_HOW TO COMPLETE THIS TASK:_ Lines to restate from the data below: from the one containing "Kjøp Cannabis Hasj" to the one containing "النيابة العامة التمييزية: رياض", both included. Give them again exactly, and only them.

_DATA RECORDS:_
**********
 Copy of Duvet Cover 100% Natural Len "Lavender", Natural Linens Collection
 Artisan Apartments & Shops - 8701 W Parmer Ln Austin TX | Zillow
**********
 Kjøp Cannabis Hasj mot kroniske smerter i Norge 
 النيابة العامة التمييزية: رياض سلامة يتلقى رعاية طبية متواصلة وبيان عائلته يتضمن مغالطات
**********
_ANSWER TO THE PROBLEM:_
 Kjøp Cannabis Hasj mot kroniske smerter i Norge 
 النيابة العامة التمييزية: رياض سلامة يتلقى رعاية طبية متواصلة وبيان عائلته يتضمن مغالطات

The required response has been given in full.